Two Lodi-grown white wines appealing to different consumer tastes: Woodbridge by Robert Mondavi's Sauvignon Blanc produced to achieve a light, dry, refreshing taste that is consistent year after year; and Markus Wine Co.'s "Nativo," a fragrant, minerally blend of Kerner, Bacchus and Riesling grapes that varies according to the vagaries of each vintage and the whims of Mother Nature. 

It's also good news that consumers seem to be less inclined to be pigeonholed into narrow taste preferences, such as that of the old "fighting varietal" (i.e., Chardonnay/Cabernet Sauvignon/White Zinfandel) formula. I chalk this up to the ever-expanding range of winegrowing regions being explored by wine industry investors. 

There are so many different wine regions today, consumers are beginning to recognize and appreciate widely varying sensory qualities, even among regions growing the same grape varieties. Napa Valley, that is to say, no longer sets the only standard for Cabernet Sauvignon; the same for, Chardonnay from Sonoma Coast, or Pinot noir from Russian River Valley or even Willamette Valley. In this scenario, of course, wine regions such as Lodi or the Sierra Foothills are perceived as being on equal footing with regions such as Napa or Sonoma — their wines appreciated for tasting like Lodi and Sierra Foothills wines, not like Napa or Sonoma. Hallelujah.

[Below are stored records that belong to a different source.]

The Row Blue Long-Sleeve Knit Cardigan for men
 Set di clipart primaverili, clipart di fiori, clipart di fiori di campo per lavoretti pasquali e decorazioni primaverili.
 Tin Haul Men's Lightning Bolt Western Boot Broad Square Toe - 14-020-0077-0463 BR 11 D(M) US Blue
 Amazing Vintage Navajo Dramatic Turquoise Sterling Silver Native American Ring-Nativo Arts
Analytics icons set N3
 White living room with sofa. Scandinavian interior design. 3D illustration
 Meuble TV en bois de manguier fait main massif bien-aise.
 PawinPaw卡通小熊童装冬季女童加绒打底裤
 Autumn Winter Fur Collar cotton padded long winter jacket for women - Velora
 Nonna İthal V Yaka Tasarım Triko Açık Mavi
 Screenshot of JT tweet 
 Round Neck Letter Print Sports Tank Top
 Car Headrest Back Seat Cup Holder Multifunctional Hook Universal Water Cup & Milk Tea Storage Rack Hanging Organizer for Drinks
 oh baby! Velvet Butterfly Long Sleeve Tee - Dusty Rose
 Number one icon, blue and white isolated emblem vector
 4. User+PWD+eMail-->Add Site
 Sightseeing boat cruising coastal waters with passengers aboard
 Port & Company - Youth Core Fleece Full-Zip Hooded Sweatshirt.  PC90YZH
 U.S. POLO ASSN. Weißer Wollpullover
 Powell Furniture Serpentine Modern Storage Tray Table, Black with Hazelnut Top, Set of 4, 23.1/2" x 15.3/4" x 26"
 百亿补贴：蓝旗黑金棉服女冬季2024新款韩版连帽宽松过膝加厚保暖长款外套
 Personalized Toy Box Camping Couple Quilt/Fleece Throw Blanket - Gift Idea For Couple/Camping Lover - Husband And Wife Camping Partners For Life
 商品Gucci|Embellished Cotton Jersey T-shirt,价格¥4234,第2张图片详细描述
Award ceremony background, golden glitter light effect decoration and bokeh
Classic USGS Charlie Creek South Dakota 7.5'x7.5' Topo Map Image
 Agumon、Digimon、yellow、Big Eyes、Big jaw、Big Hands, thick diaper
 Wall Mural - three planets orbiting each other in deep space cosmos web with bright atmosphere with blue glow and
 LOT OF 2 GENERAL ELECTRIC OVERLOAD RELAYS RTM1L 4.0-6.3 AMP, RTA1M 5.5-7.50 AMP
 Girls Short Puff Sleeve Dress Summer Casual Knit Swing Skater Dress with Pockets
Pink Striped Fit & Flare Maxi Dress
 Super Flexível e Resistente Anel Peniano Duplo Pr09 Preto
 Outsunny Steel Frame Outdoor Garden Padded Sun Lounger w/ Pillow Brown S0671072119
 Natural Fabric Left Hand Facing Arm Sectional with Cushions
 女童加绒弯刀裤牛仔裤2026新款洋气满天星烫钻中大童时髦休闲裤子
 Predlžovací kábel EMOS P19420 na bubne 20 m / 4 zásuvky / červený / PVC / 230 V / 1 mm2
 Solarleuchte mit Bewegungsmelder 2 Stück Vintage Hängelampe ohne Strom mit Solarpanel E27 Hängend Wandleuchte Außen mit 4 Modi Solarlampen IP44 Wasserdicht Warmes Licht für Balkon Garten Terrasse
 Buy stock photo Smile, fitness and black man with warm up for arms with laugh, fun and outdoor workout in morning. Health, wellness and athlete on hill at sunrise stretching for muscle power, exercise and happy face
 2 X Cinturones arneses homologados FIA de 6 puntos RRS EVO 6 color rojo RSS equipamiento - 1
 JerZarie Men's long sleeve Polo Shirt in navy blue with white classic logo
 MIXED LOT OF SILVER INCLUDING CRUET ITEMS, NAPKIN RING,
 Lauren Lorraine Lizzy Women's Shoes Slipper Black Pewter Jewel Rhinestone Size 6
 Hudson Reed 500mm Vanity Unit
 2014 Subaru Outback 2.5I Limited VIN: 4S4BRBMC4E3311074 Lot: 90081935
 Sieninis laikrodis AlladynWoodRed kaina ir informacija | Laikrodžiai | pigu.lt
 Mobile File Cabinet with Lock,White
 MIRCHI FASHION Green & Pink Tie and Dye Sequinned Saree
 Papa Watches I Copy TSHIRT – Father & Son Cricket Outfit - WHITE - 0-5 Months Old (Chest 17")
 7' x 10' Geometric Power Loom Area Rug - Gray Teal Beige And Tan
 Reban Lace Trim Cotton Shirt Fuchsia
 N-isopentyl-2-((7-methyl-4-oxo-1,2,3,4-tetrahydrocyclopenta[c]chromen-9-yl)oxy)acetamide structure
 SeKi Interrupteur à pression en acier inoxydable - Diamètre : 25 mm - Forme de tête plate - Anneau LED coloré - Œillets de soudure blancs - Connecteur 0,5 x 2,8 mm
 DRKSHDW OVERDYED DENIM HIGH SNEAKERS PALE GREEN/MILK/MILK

Albariño: a grape that has proliferated only during the past 20 years, now producing one of the most popular varietal bottlings in the Lodi wine region. 

American wines, in other words, are steadily evolving towards what you already see in far older wine cultures. That is, European countries, where classification systems are based entirely upon identification and regulation of regions — the places where wines come from — rather than by how wines are made or how a brand is supposed to taste. In European appellation systems, place trumps style. There are no "varietal" expectations, no “pursuit of balance” or any other arbitrarily set standards. Wines end up tasting different because they are grown in different places. How sensible.

How far along has the American wine industry come along this path? Honestly, not very far. Because, after the 1960s, the wine industry began putting branding and varietal identification in front of regional distinctions — something that couldn't be helped, of course, since no one had any inkling of regional distinctions forty, fifty years ago — it will probably take a bit longer to turn this ship around, and headed towards the inevitable European models. 

I have no doubt, though, that it will be the consumers doing most of the pushing and prodding, with the grape and wine production industries dragged along kicking and screaming. The signs are everywhere. If, for instance, a few wine lovers can create a sudden demand for table reds made from Mission — a grape that the entire California wine industry has been trying to run away from since the 1850s — they can certainly institute giant, wholesale changes, whatever that may be, in what is grown, produced and sold, in every American wine region.

Customers, after all, want what they want... and they are always right!

A barrel sample of Nebbiolo, an Italian grape variety producing pale-colored, acid-driven red wines appealing to more and more of today's consumers.